* ACTION ITEM
Copy nothing but the lines below, from the one with "Skin Niacinamide Facial" through the one with "Knaus Eifelland Holiday - lit", exactly as written; no pictures should appear.

-------- DATA PROVIDED

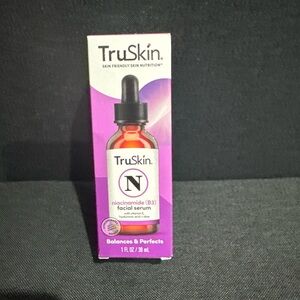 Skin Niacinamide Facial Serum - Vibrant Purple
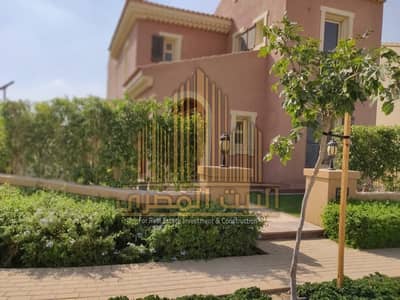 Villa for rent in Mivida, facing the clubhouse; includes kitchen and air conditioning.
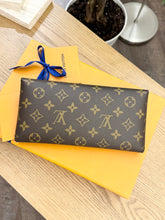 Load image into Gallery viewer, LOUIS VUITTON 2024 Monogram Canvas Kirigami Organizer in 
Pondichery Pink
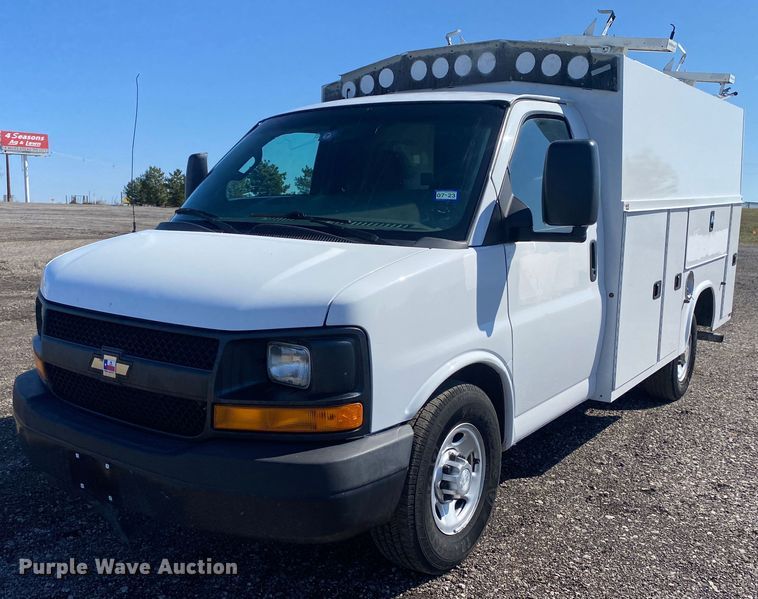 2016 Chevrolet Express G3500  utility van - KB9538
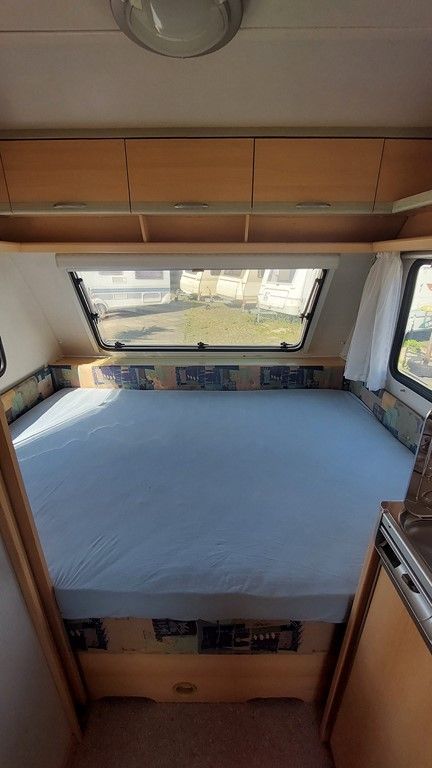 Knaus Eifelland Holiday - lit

----------------
-------- DATA PROVIDED

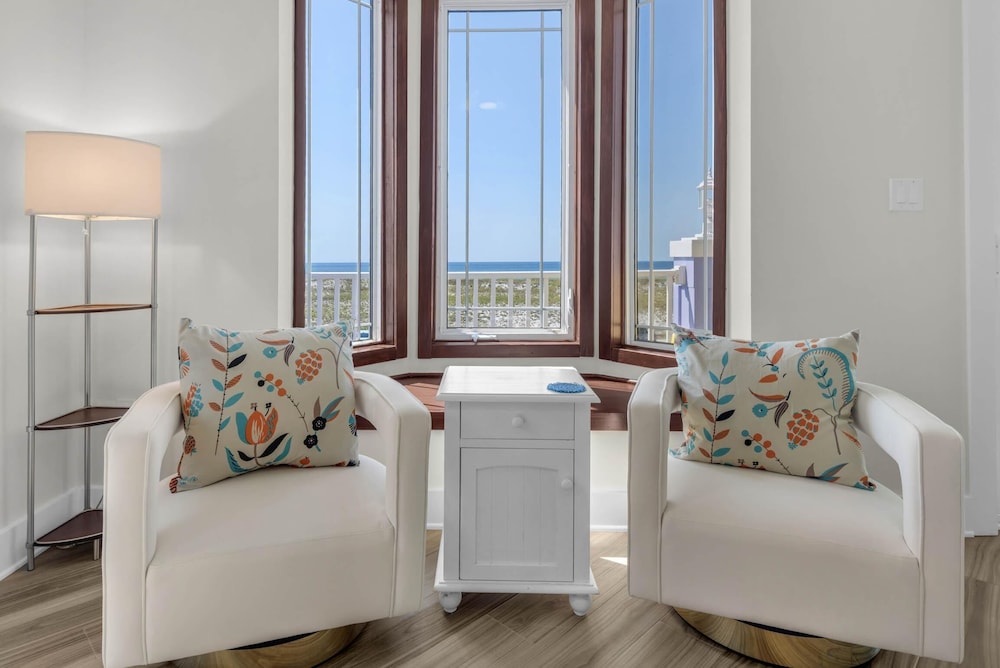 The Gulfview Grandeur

----------------

* PROBLEM SOLUTION
 Skin Niacinamide Facial Serum - Vibrant Purple
 Villa for rent in Mivida, facing the clubhouse; includes kitchen and air conditioning.
 Load image into Gallery viewer, LOUIS VUITTON 2024 Monogram Canvas Kirigami Organizer in 
Pondichery Pink
 2016 Chevrolet Express G3500  utility van - KB9538
 Knaus Eifelland Holiday - lit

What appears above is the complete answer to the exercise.